2018 EQUITY AND INCENTIVE COMPENSATION PLAN



WHEREAS, Universal Electronics Inc., a Delaware corporation (“Company”) has adopted and maintains the Universal Electronics Inc. 2018 Equity and Incentive Compensation Plan, adopted by the Board of Directors on April 24, 2018 and approved by the shareholders of the Company on June 4, 2018 (the “Plan”);


WHEREAS, the Board of Directors of the Company is entitled to amend the Plan in accordance with Section 13(a) thereof, subject to approval by the shareholders, and desires to do so in order to increase the authorized shares available under the Plan by an additional 1,100,000, such that the total number of shares of Common Stock available for issuance in connection with all types of Awards will be 2,100,000, plus the number of shares of Common Stock, if any, that may be forfeited under outstanding awards granted under any of the Prior Plans;

NOW, THEREFORE, the following amendments are hereby approved and adopted:
1.    Section 5(b) is hereby amended and restated in its entirety to provide as follows:

(b) Shares Available.
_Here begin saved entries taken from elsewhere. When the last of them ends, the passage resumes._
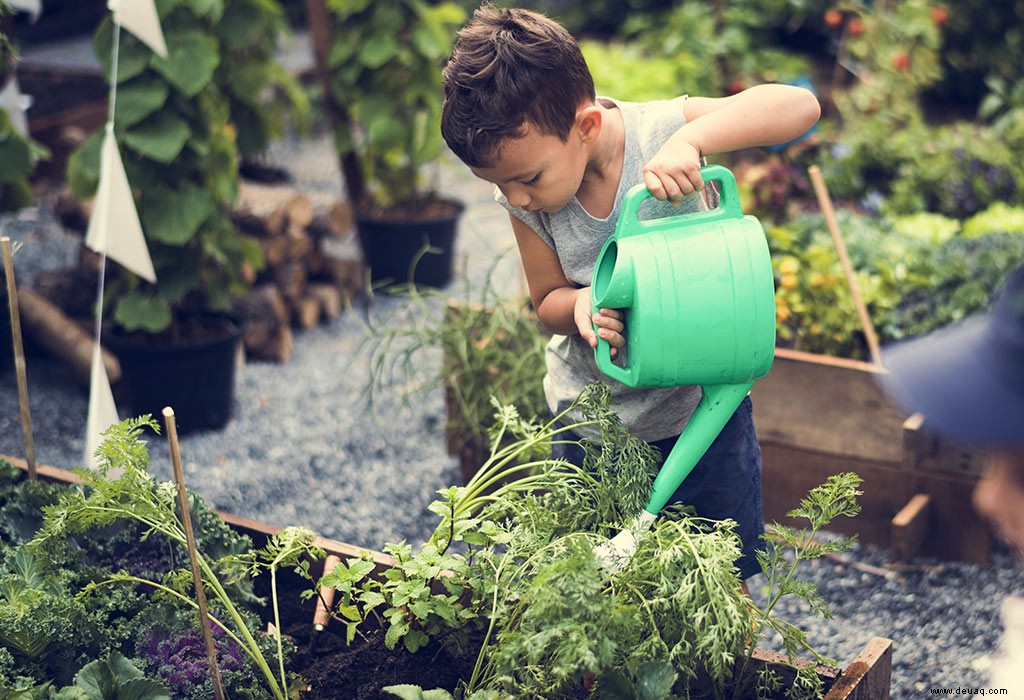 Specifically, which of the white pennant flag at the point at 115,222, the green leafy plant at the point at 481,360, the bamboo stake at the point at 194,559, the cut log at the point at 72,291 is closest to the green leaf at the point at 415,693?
the bamboo stake at the point at 194,559

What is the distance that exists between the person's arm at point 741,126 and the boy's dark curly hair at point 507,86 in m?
0.17

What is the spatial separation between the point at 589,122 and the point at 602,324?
32cm

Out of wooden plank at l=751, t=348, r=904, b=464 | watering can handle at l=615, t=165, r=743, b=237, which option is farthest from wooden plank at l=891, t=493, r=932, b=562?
watering can handle at l=615, t=165, r=743, b=237

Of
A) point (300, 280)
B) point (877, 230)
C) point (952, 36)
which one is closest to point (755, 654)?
point (877, 230)

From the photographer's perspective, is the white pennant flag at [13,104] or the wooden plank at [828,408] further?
the white pennant flag at [13,104]

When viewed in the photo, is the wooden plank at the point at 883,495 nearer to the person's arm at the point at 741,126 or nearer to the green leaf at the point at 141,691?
the person's arm at the point at 741,126

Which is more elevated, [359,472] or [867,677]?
[867,677]

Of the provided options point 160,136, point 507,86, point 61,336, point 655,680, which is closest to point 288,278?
point 61,336

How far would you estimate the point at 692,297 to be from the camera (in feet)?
4.86

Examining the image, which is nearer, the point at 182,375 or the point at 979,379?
the point at 979,379

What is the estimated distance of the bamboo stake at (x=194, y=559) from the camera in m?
1.48

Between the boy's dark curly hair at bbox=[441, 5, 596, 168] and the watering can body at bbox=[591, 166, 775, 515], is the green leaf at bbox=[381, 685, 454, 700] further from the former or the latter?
the boy's dark curly hair at bbox=[441, 5, 596, 168]

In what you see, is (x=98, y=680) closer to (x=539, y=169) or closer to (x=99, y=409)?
(x=99, y=409)

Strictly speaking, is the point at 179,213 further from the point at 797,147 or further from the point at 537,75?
the point at 797,147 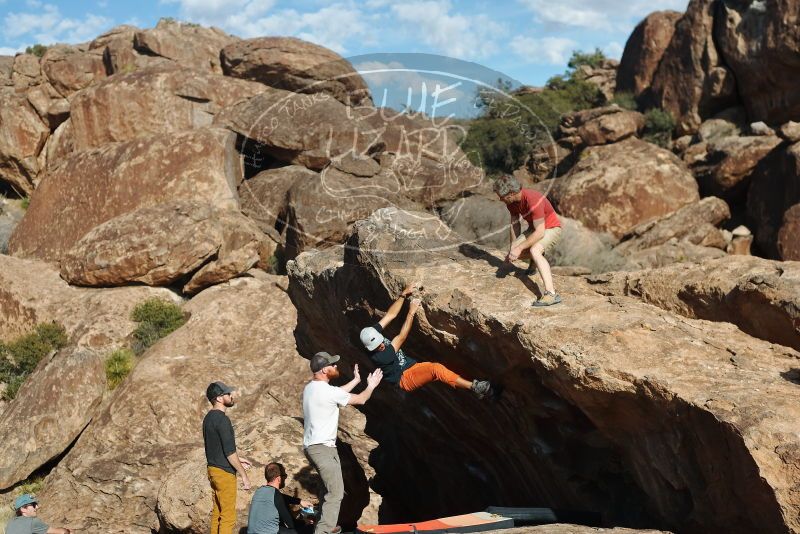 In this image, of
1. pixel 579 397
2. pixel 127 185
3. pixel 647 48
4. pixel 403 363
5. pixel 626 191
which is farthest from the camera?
pixel 647 48

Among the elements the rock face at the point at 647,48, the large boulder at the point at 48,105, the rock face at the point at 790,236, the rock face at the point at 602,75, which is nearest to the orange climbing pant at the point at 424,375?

Subject to adjustment in accordance with Section 11 of the Plan, the total number of shares of
Common Stock reserved and available for issuance in connection with all types of Awards under the Plan shall be two million, one hundred thousand (2,100,000) (all of which may be issued as Incentive Stock Options), plus the number of shares of Common Stock underlying any award granted under any of the Prior Plans that expires, terminates or is canceled or forfeited for any reason whatsoever or settled in cash (in whole or in part) or is unearned (in whole or in part) under the terms of the applicable Prior Plan.

2.    The increase in the number of shares of Common Stock issuable under the Plan shall be effective upon receipt of approval for such increase by the Company’s shareholders, and shall be subject to and contingent upon receipt of such approval.

3.    Except as provided herein, all other provisions of the Plan shall continue in full force and effect.
IN WITNESS WHEREOF, the Company has caused this Amendment to be executed by its duly authorized officer on this ___ day of __________________, 2021.